Novembro de 2015 - Vol.20 - Nº 11

COLUNA PSIQUIATRIA CONTEMPORÂNEA

MEDICINA ALTERNATIVA, RELIGIÃO E PSIQUIATRIA NO SÉCULO XXI

Fernando Portela Câmara
Prof. Associado da UFRJ


O recente edital de contratação para um reiki-terapeuta pelo Hospital Princesa Alexandra, do NHS britânico, suscitou muitos protestos de médicos e cientistas. O hospital justificou a procura porque “will provide Reiki/Spiritual healing to patients to enable them to cope with the emotional, physical and spiritual issues of dealing with their cancer journey”. O fato suscitou um comentário na Nature (vol. 526, Número 7375, de 20 de novembro de 2015) assinado por Garry Simpson.

O clamor foi geral contra as alegações pseudocientíficas dos terapeutas espirituais, e no que concerne aos reiki terapeutas, não existe evidência alguma de que eles possam manipular “campos de energia” humanos para liberar “bloqueios” e curar o corpo. Ora, isso era exatamente o que Mesmer dizia ao criar a terapia pelo “magnetismo animal” (hoje denominado “campos de energia” animal), já na época (final do século XVIII) desmentido pela Academia de Ciências da França e por uma Comissão Científica da Escola de Medicina de Paris.

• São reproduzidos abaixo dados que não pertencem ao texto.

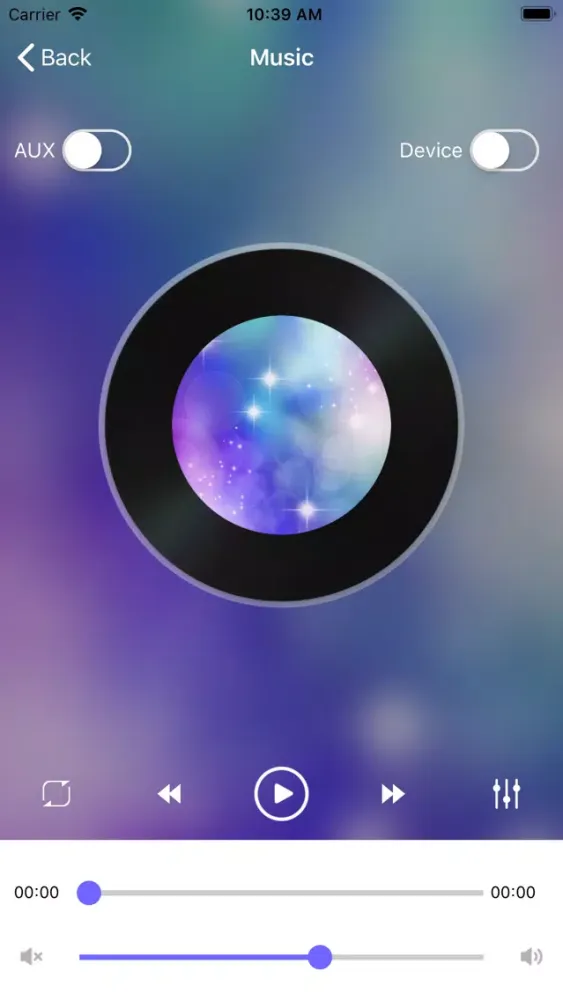 Ảnh chụp màn hình của AI Voice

Muitas das terapias alternativas não fazem diferença quando testadas contra o efeito placebo, e se “curam” por via psíquica, o fazem geralmente por efeito de sugestão (não confundi-las com psicoterapia). Há, contudo, uma tendência para incorporar tais práticas nos serviços públicos de saúde, inclusive já existe no Brasil, onde a homeopatia e a acupuntura são especialidades médicas reconhecidas pelo CFM e AMB. Entretanto, placebo não cura doenças graves e nem intervêm nas complexas reações psíquicas ou fisiológicas, e certamente um médico homeopata ou um médico acupunturista sabem disso, pois essas especialidades entre nós são reconhecidas como “modalidades terapêuticas”. Jamais foi visto um placebo ou terapia espiritual/religiosa, homeopatia ou acupuntura controlarem um episódio maníaco ou uma depressão maior, deter uma psicose florida ou remitir um estresse pós-traumático.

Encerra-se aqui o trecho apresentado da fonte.